Bayou Bridge Pipeline is Now Complete, After Years of Controversy
Thu, March 28, 2019
The 163-mile-long Louisiana section of the pipeline, which sparked years of protest and legal challenges from environmentalists and property rights advocates, links to a nearly 50-mile section in Texas that was completed in 2016.
Houston-based Energy Transfer Partners owns a majority of the pipeline and will operate it. Phillips 66 Partners owns a 40 percent share of the pipeline.
In a statement released Tuesday (Mar. 26), the companies said the pipeline will provide Louisiana refiners better access to North American crude oil and reduce U.S. reliance on foreign oil.
Environmental groups opposed to the pipeline say its route imperils the Atchafalaya Basin, considered one of the largest swamps in America, and poses human health and safety risks in dozens of communities.
Greenpeace USA and the Waterkeeper Alliance released a report last year indicating Energy Transfer is a poor manager of its pipelines. Citing data from federal and state regulators, the report documented nearly 530 hazardous incidents, including spills, from Energy Transfer pipelines between 2002 and 2017.
Energy Transfer defended its environmental record, pointing out that the spills represented a small percentage of the oil transported in its pipelines.

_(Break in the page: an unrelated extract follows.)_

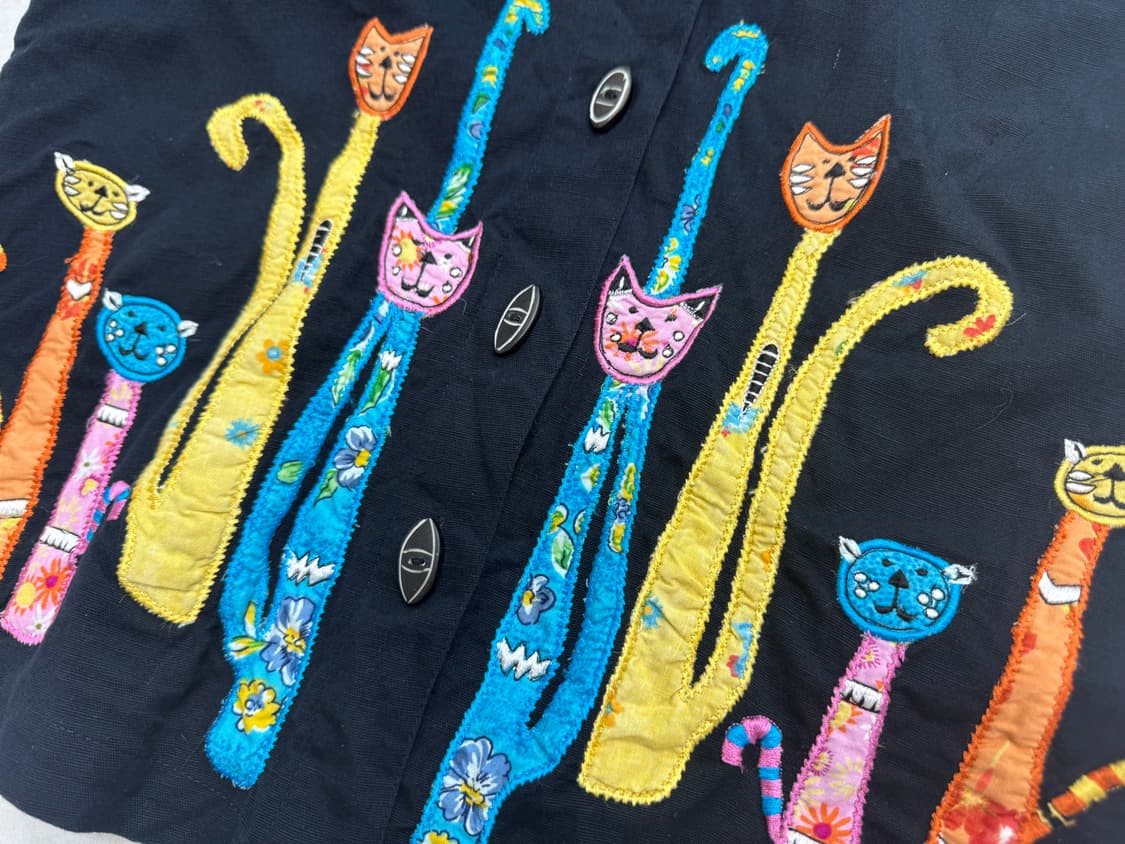 하구미 고양이 조끼 상품이미지3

The pipeline’s most recent legal challenge was over Energy Transfer’s seizure of private land. Property owners sued the company after its work crews began cutting trees and digging pipeline trenches without permission.
In December, a Louisiana judge ruled that the company had the right to seize land but had failed to properly follow legal procedures. Louisiana is one of the few states that allow oil companies to take private land through expropriation, commonly known as eminent domain.
Energy Transfer was required to pay $150 to each of the three property owners contesting the taking of their land, but construction was allowed to continue.
The property owners, aided by lawyers from the Center for Constitutional Rights and Atchafalaya Basinkeeper, have appealed the decision.
“We’re asking in the the appeal to have the pipeline removed,” said Bill Quigley, a Loyola University law professor and one of the lawyers representing the property owners. “We want a decision that says this process is illegal.”